BRIEF
Word for word, copy the entire listing below, but do not carry over any pictures.

GIVEN MATERIAL
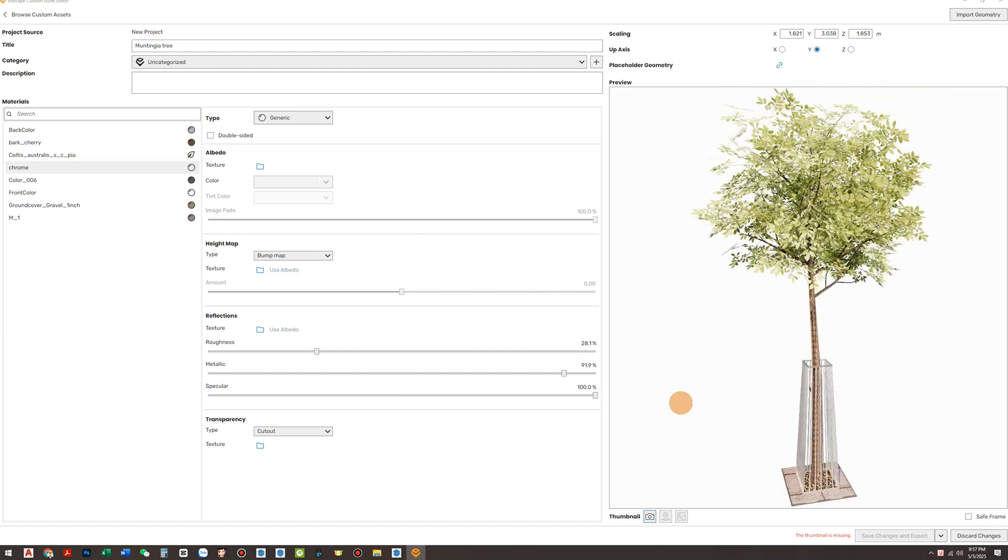After material editing is complete, click the Camera icon to capture a thumbnail. This will be used to display your asset visually in the Enscape Library.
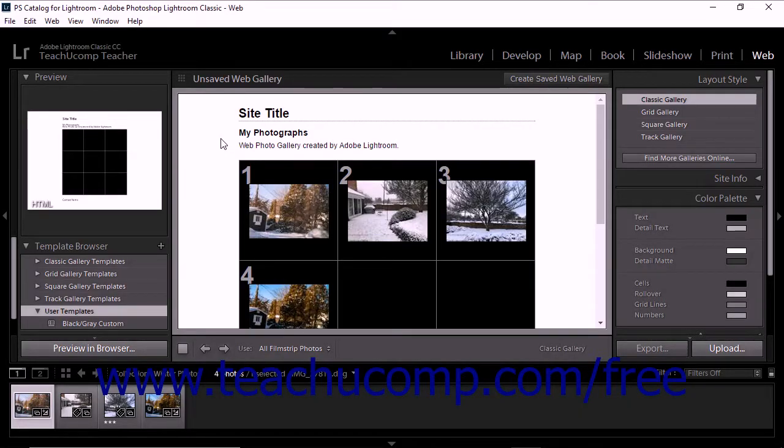Lightroom Classic CC lets you create and save custom web gallery templates. Just like custom print templates and slideshow templates, saving custom web gallery templates can improve your workflow in Lightroom Classic CC. Once you save a custom web gallery template, you can apply the template to other web galleries without having to take the time to modify visual and output settings.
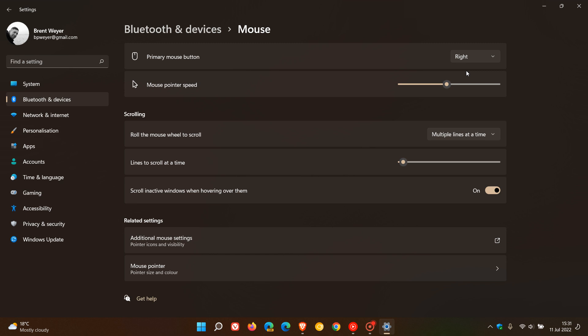And that will change your primary button now to the right-click button. And if you want to set it back, you just click on that and set it back to left, which would be your default option.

EXPECTED ANSWER
After material editing is complete, click the Camera icon to capture a thumbnail. This will be used to display your asset visually in the Enscape Library.
Lightroom Classic CC lets you create and save custom web gallery templates. Just like custom print templates and slideshow templates, saving custom web gallery templates can improve your workflow in Lightroom Classic CC. Once you save a custom web gallery template, you can apply the template to other web galleries without having to take the time to modify visual and output settings.
And that will change your primary button now to the right-click button. And if you want to set it back, you just click on that and set it back to left, which would be your default option.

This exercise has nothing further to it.